Andrea Kimi Antonelli venció el Gran Premio de Canadá y ha asestado un brutal golpe al Mundial de Fórmula 1. Porque ya suma cuatro triunfos al hilo (todos los de su vida). Porque los cuatro tienen de todo, desde la 'suerte' de los campeones hasta un ritmo endiablado. Y fundamentalmente por una diferencia que ya alcanza los 43 puntos a su favor. George Russell sigue segundo del campeonato, pero el abandono tras el 'apagón' de su Mercedes le deja muy tocado. Queda mucho por competir, pero en la F1 el valor de un piloto vale lo que haces en tu última carrera.
Y con Antonelli no vale hacer trampas en el diagnóstico. Hay que decirlo claramente. Huele a campeón, huele a piloto histórico. Tiene el ritmo, la capacidad de mejorar en los fines de semana y ya ha entrado ese fuego dentro que recuerda a otros históricos del volante. Quizá el más cercano es Max Verstappen y este Kimi es un calco de la primera versión del neerlandés. Volcánico, sí. Quizá pasado de vueltas. Pero extraordinariamente bueno y que romperá a algo más grande si consigue coronarse.
Antonelli ganó en Canadá ejerciendo una presión terrible sobre Russell y viéndose beneficiado por la rotura de su compañero. "No me gusta ganar así", decía por la radio al cruzar la meta. Es modesto (y debe serlo para mantener un perfil bajo dentro del box de Mercedes) , pero la realidad es la de un piloto que ya compite a lo campeón. Sabe atacar, sabe protestar cuando debe y sabe lo que se necesita tener para vencer.
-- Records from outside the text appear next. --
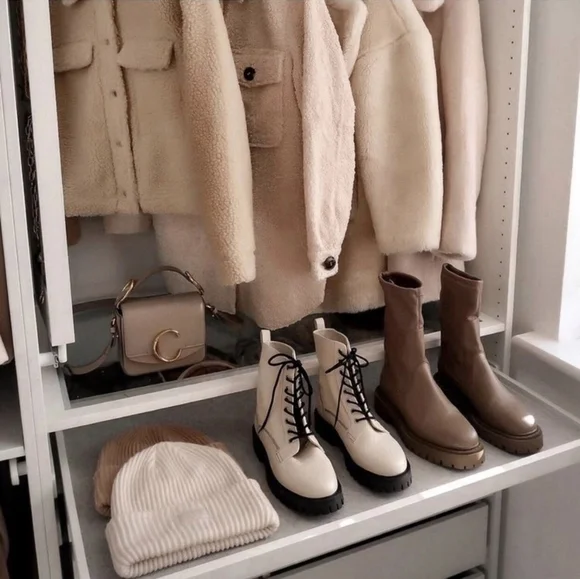 H&M Chunky Lug Sole Chelsea Platform Calf Boots Streetwear Winter Minimalist - Picture 8 of 11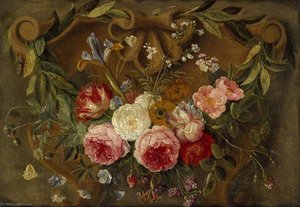 Decorative Still Life Composition With A Garland Of Flowers — Jan Van Kessel The Elder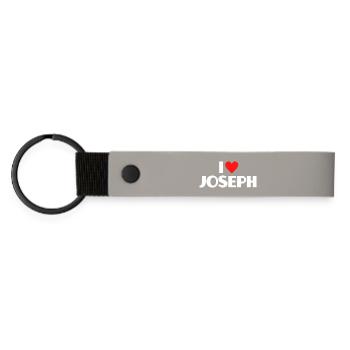 I love Joseph Red Heart Romantic Name Fan - Matte Pu Keyring - light grey - Front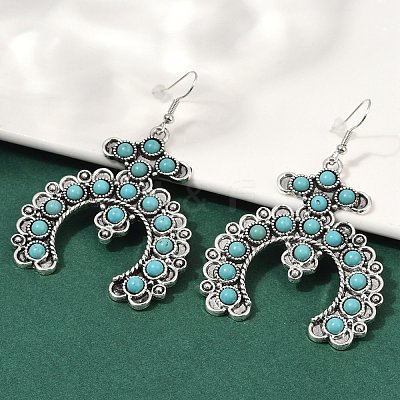Alloy Synthetic Turquoise Dangle Earrings for Women LS-EJEW-U053-10AS-02-1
Y es sencillo comprenderlo. Tiene la capacidad de evolucionar en pista, se multiplica su habilidad bajo presión y ya ha roto a ganar como hacen los más grandes. Sin dejar nada a nadie, ampliando una diferencia que cada vez es mayor. Sí, es la joya de la F1 . Pero quizá ya sea la hora de afirmar que es el máximo favorito a ser campeón del mundo.
Alonso: magia, sí; coche, no
Fernando Alonso no llegó a cruzar el giro 30 de carrera. Unos giros antes tuvo que retirar el AMR26 tras un problema en su cockpit -con el asiento, en concreto-. Pero el asturiano demostró que su magia sigue intacta y que no depende del monoplaza que monte. Esa fue una constante vista desde el viernes. Lo terminó en un muro tras bloquear el tren delantero del AMR26, pero había colado al Aston Martin en un lugar que no merecía. En la clasificación también rindió. Y en carrera volvió a aparecer donde no tocaba.
En el Gran Premio, Alonso facturó una gran salida, se colocó 10º en los primeros giros y demostró que la intuición nunca desaparece del piloto de Oviedo . Pero el premio no existió y la carrera tuvo el desenlace que muchos podían imaginar: abandono. Lo mejor es que quizá no fuese un tema de fiabilidad y el coche ha evolucionado en medio de su inicio de curso delicado.
El Gran Premio de Canadá fue precioso por sus variantes, líos y problemas entre los actores principales. Pero también tuvo ese drama que se espera de las primeras citas con los nuevos reglamentos. Las roturas y los problemas existieron; y afectaron fundamentalmente a dos favoritos al título. George Russell y Lando Norris abandonaron por problemas mecánicos (batería y cambio, respectivamente) y su Mundial puede verse comprometido al salir del Gilles Villeneuve .
También esa sensación se vivió en la mejor fase de la carrera, la que marcó la batalla fastuosa entre Antonelli y Russell . Con planos en los neumáticos de los dos pilotos, sin espacios, intentos a la desesperada... y la rotura del británico como colofón desgraciado para sus intereses. Si esta es la tónica del Mundial es una grandísima noticia. Cuidado que nos podemos entretener.
Carlos Sainz sumó otros dos puntos con un coche colocado por las mejores estimaciones... como el 12º en la tabla. El madrileño, por discurso y su propia forma de ser, no es un piloto que tienda a exagerar en sus declaraciones, tampoco le gusta dar demasiada importancia a sus actuaciones pese a que sí lo merezcan. Pero en esta ocasión hay que ponerlo en valor: lo suyo es monumental. Y su trabajo sigue dando frutos que nadie puede imaginar.
Sainz pone al Williams en un lugar que no corresponde, rinde en contextos totalmente extremos y sabe rascar lo que otros pilotos no pueden. Es el claro líder de la estructura de Grove y es un piloto de equipo que pelee por el título mundial. Un noveno así vale más que muchos podios de varios de sus rivales.